*** Begin section ***

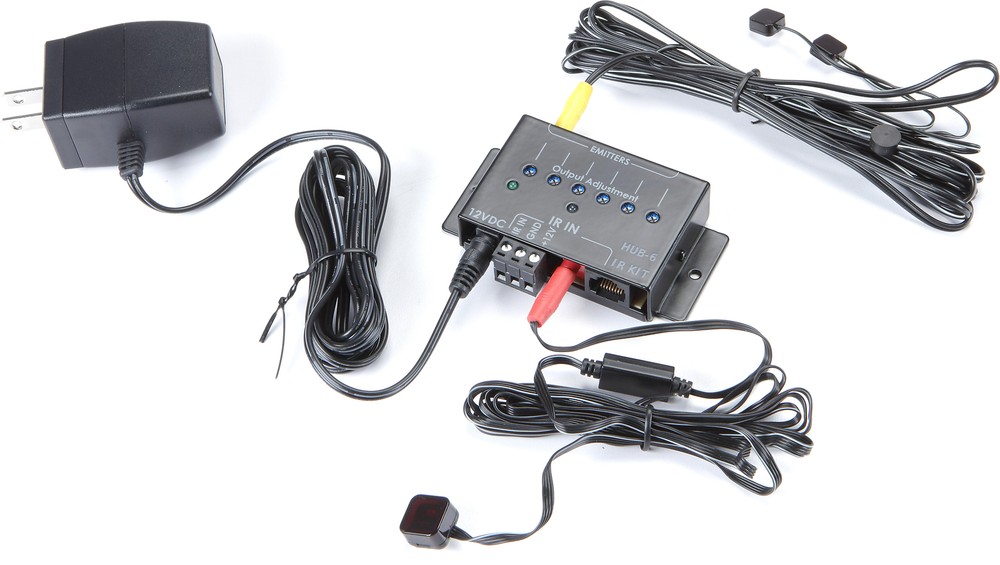 Vanguard Dynamics IR Hub 6 Kit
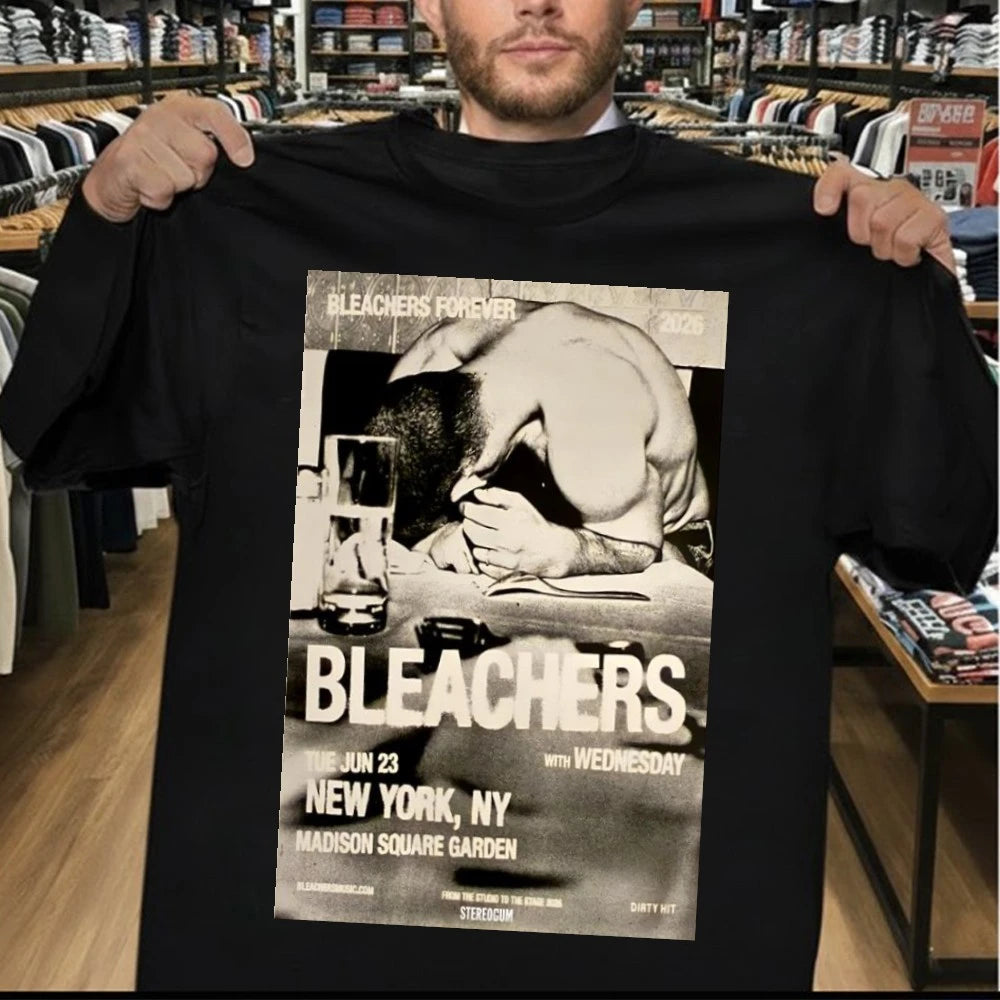 Bleachers At Madison Square Garden In New York NY On Jun 23 2026 Shirt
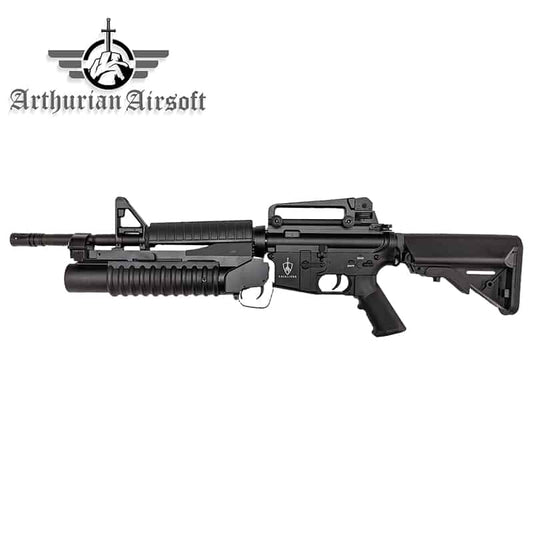 Arthurian Airsoft Excalibur Zealot (2021 Version)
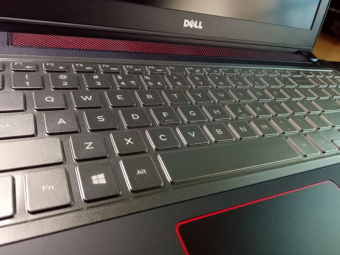 Dell membran keyboard laptop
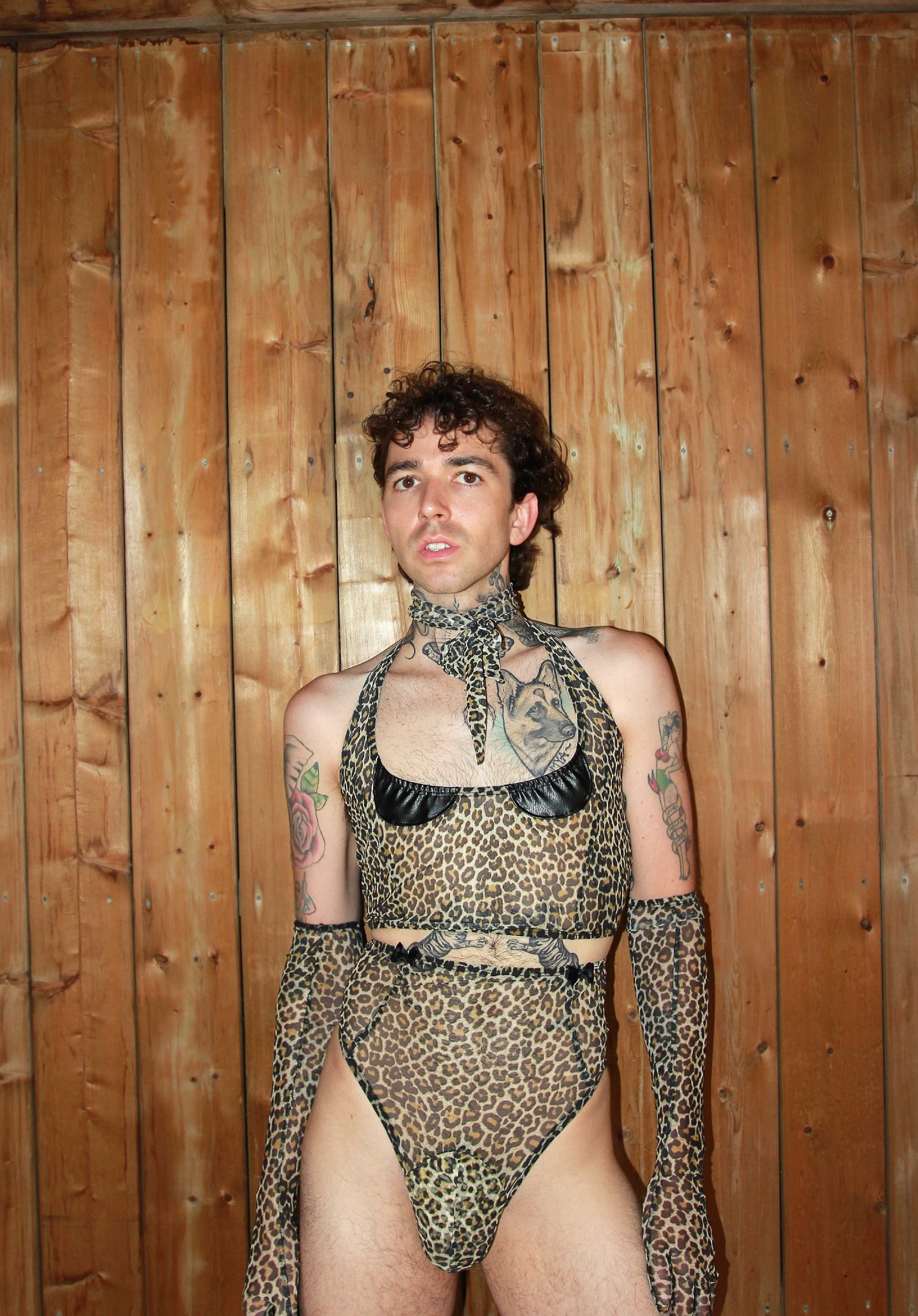 PROWL Kitty Mini Crop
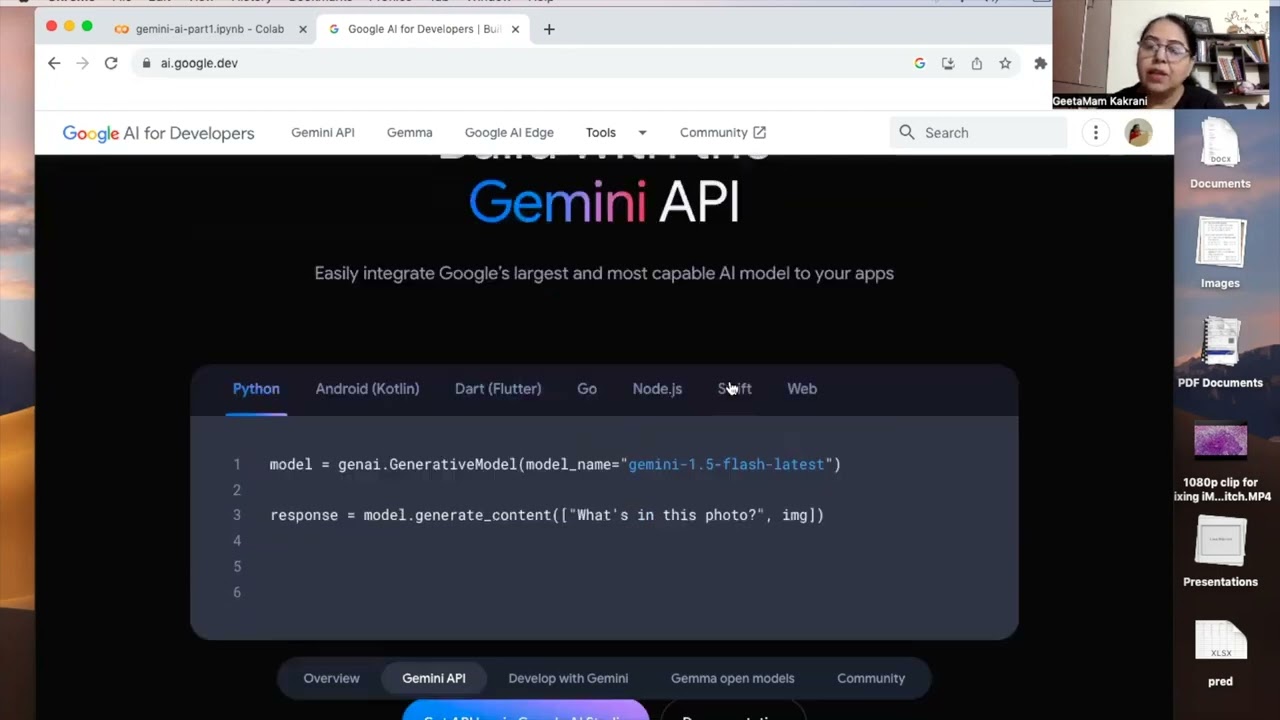 [Google IO Extended Mysuru 2024] Revolutionizing Education with Gemini AI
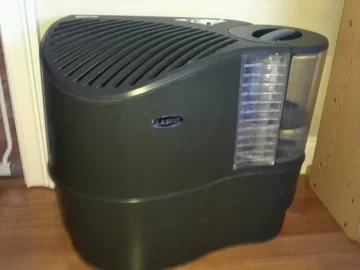 [Hearth.com] I have no humidity!!
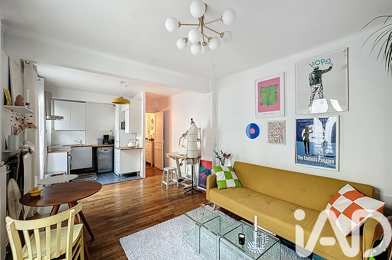 Appartement 2 pièces 248000 €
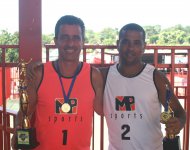 Dupla quebra hegemonia de campeões no futevôlei do Rio das Pedras Country Club 2 0002048154518 img
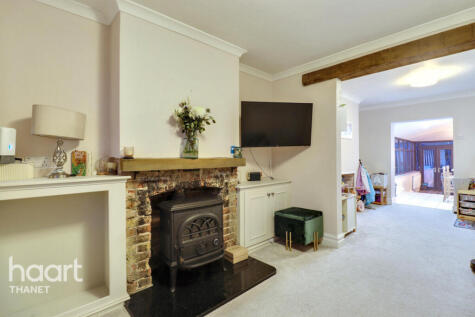 St James Terrace, Birchington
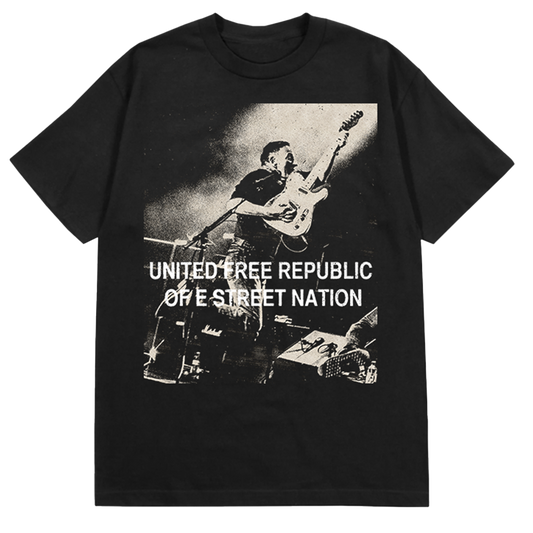 2026 Land Of Hope & Dreams American Tour "United Free Republic" Tee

*** End section ***

* _Work order_: Repeat word for word the lines starting at the one with "PROWL Kitty Mini Crop" and ending at the final line of the records above, both included; no pictures.

* _Finished task_:
 PROWL Kitty Mini Crop
 [Google IO Extended Mysuru 2024] Revolutionizing Education with Gemini AI
 [Hearth.com] I have no humidity!!
 Appartement 2 pièces 248000 €
 Dupla quebra hegemonia de campeões no futevôlei do Rio das Pedras Country Club 2 0002048154518 img
 St James Terrace, Birchington
 2026 Land Of Hope & Dreams American Tour "United Free Republic" Tee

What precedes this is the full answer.